┏━━
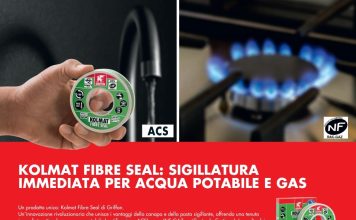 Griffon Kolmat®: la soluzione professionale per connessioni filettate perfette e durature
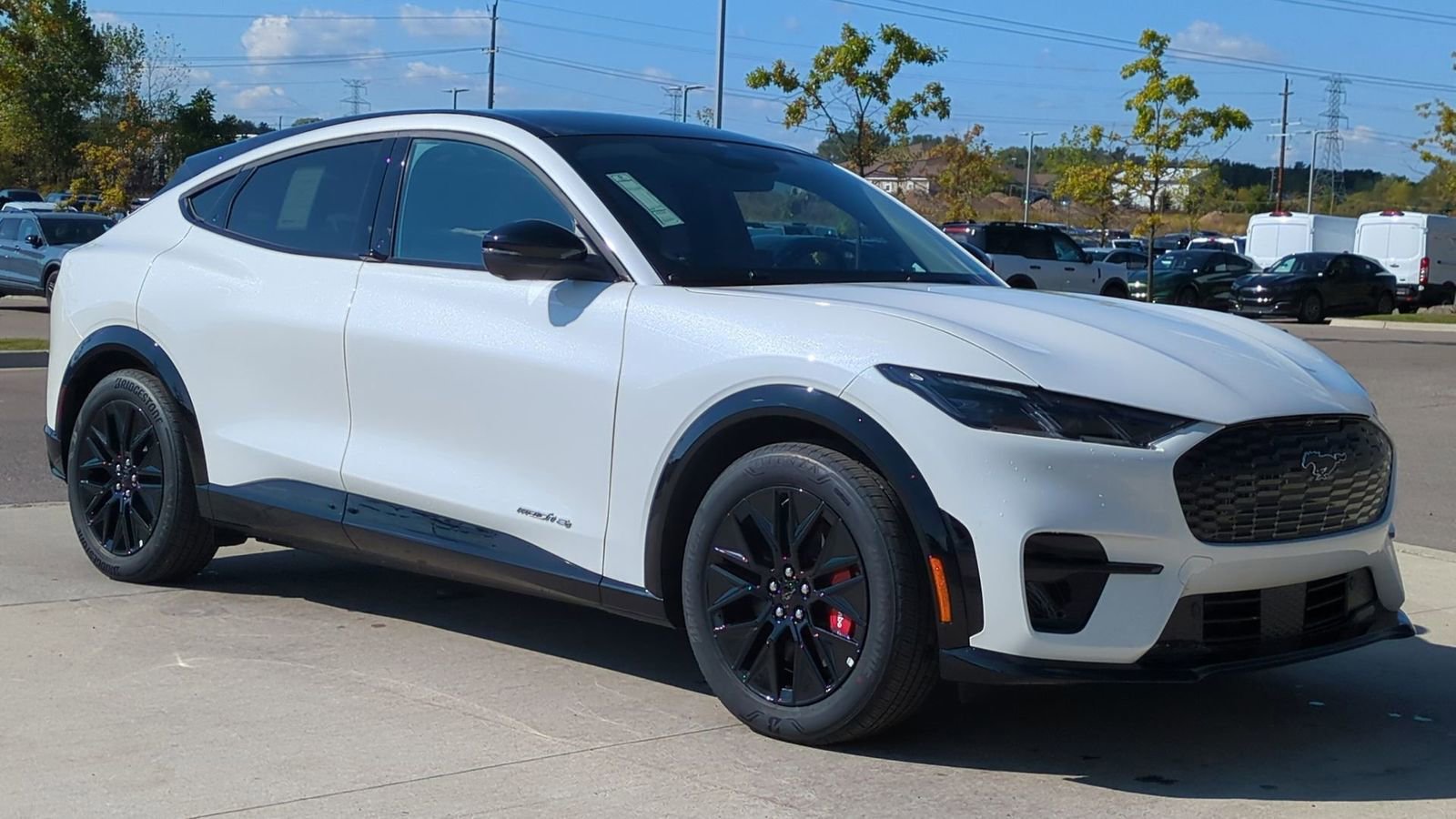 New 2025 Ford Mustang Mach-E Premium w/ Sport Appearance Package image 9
┗━━
┏━━
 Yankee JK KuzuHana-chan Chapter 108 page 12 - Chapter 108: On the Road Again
┗━━
### [Aim of the exercise]
Could you transcribe exactly the entries above, but only the lines from the one with "Griffon Kolmat®: la" through the one with "New 2025 Ford", and without pictures?

### [Written answer]
 Griffon Kolmat®: la soluzione professionale per connessioni filettate perfette e durature
 New 2025 Ford Mustang Mach-E Premium w/ Sport Appearance Package image 9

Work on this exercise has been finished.